Gov. Bruce Rauner on Friday named one of his key campaign supporters in the African-American community — South Side pastor Corey Brooks — to a $31,426-a-year part-time job as a member of the Illinois State Toll Highway Authority board.
Reached shortly after the appointment was announced, Brooks said he looks forward to making sure that “the governor’s plan for diversity is carried out” when it comes to the hiring of tollway staffers and contractors.
Well aware of Rauner’s battles with Democratic leaders over the state budget, Brooks also dismissed any suggestion that Rauner, a Republican, is rewarding him for helping him unseat Democrat Pat Quinn in last year’s governor’s race.
“I don’t see it as payback; I see it as an opportunity to represent African-Americans,” said Brooks, senior pastor of New Beginnings Church of Chicago. “If he was going to pay me back for doing something, he could’ve paid me back a lot better than the tollway.”
Brooks joins another black minister who supported Rauner, the Rev. James Meeks, in becoming a gubernatorial appointee.

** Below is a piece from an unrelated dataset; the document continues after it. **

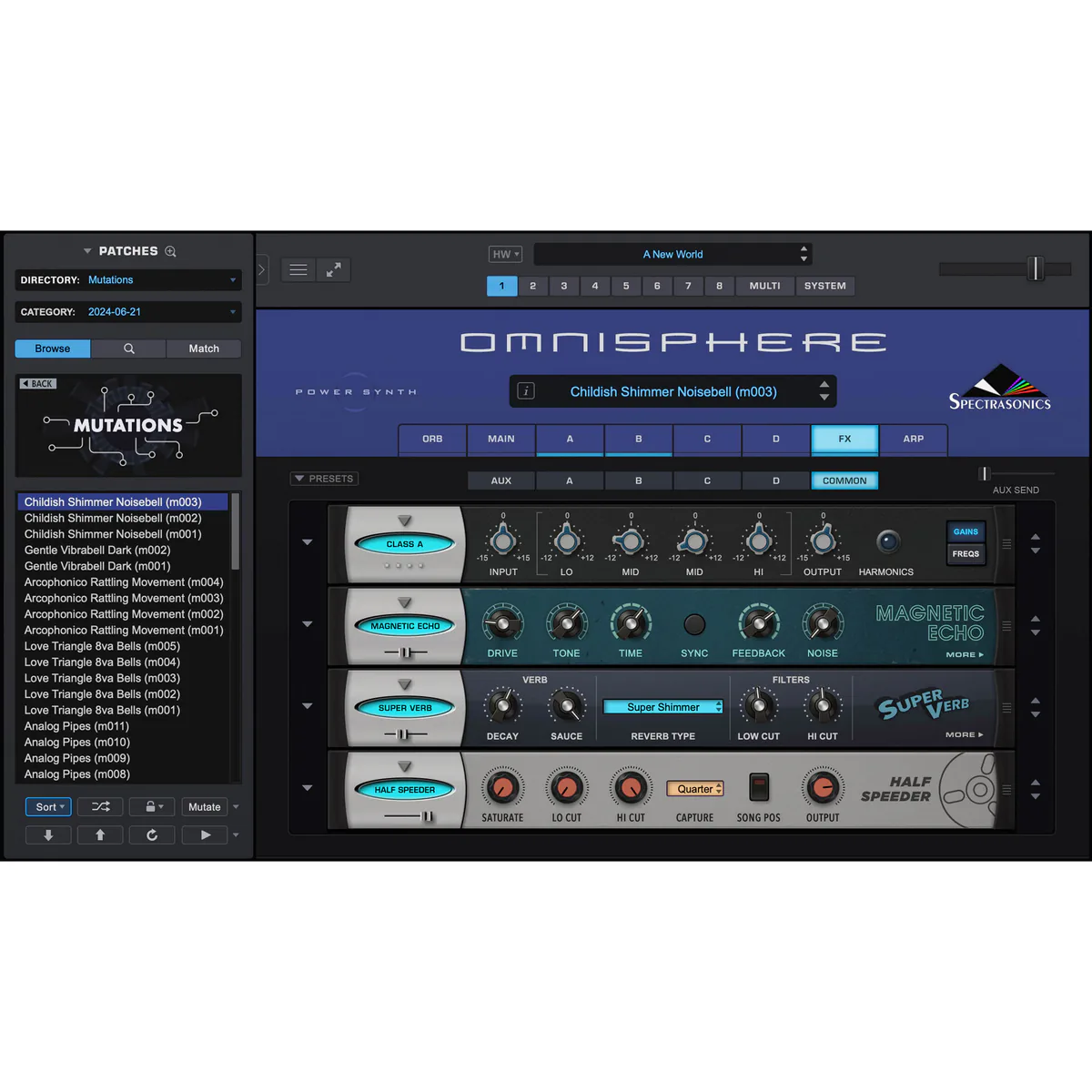 Etherium for omnisphere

In January, Rauner named Meeks chairman of the Illinois State Board of Education. Meeks, pastor of Salem Baptist Church and a former state senator, is paid $50 per meeting, plus expenses.
Brooks will be eligible for health care benefits in addition to his $31,426-a-year salary. His appointment is temporary, pending confirmation by the Illinois Senate.

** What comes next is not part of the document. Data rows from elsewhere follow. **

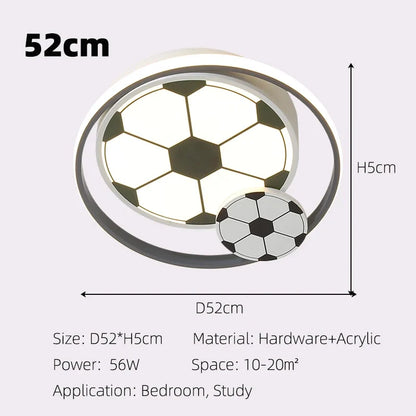 Children Modern Football Ceiling Lights LED Lamp for Boy's Bedroom Kids Study Living Dining Room Art Home Decoration Chandelier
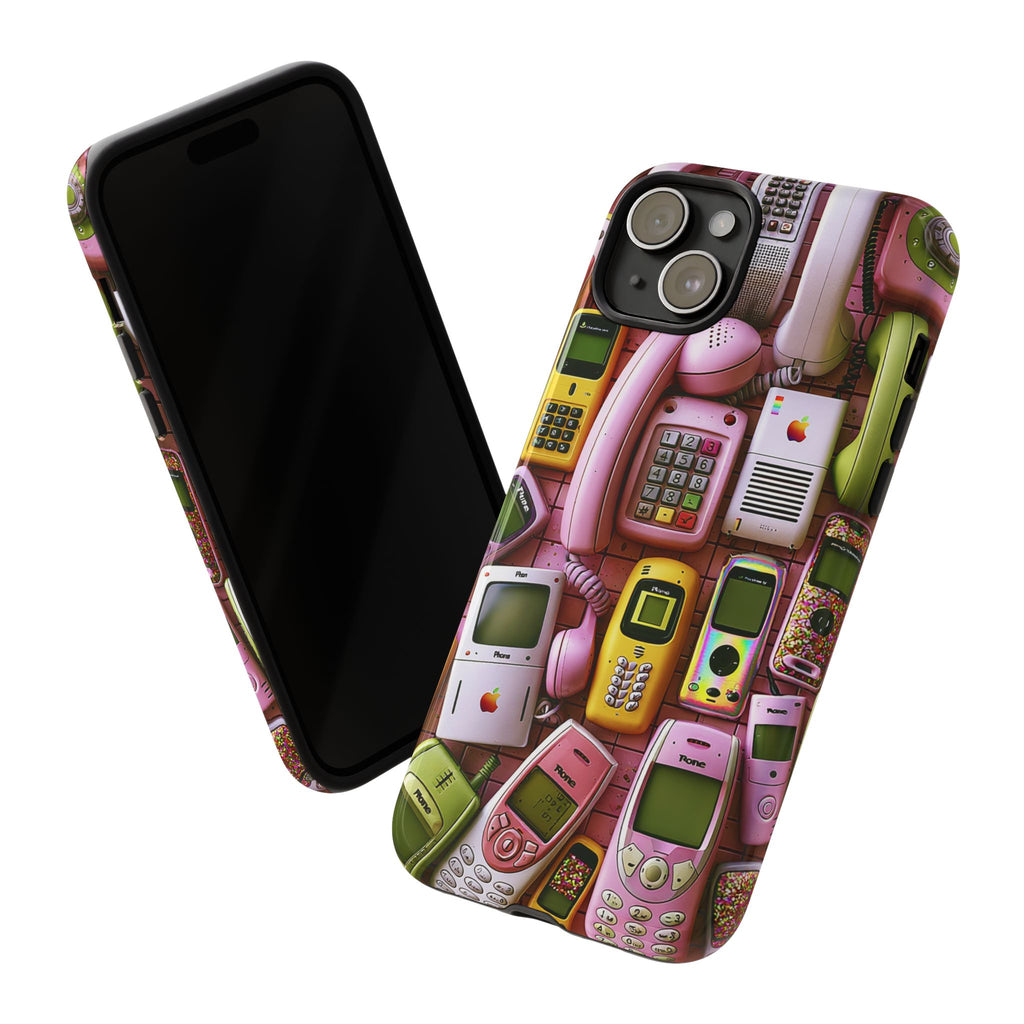 Phone Case — Surreal VR Cityscape Illustration
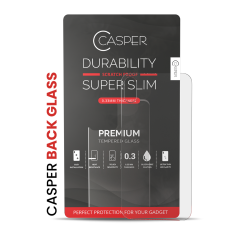 Casper Tempered Glass (Back Glass) Compatible For iPhone X / XS (Retail Pack) (Clear)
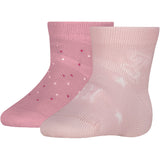 Tommy Hilfiger Light Pink Baby Strømper 2-Pak Letters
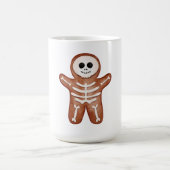 Cute Halloween Gingerbread Skeleton Cookie コーヒーマグカップ (中央)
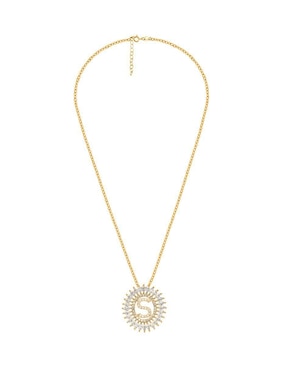 Collar de letra s Unlimited By Ob 18 K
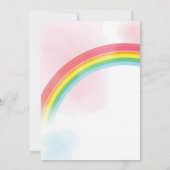 Invitation Soft Rainbow Arch Confetti Girl 10th Birthday (Dos)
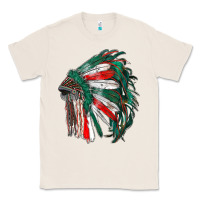 Natural mexican flag indian headdress Classic Tee - RanaPortraitStore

If that happens, Brooks’ term will expire in 2019.
He’s replacing Aurora Mayor Tom Weisner, whose term expired May 1.
Brooks made headlines last October when he claimed his decision to support Rauner led to him getting death threats and might have been tied to a burglary at his church.
Brooks said those threats have since died down but that “there are always people in our community who are still against the governor and against his positions.
“That just the way it’s probably going to be,” Brooks said. “I still believe he’s going to make the state better for all of us — especially African-Americans on the South Side.”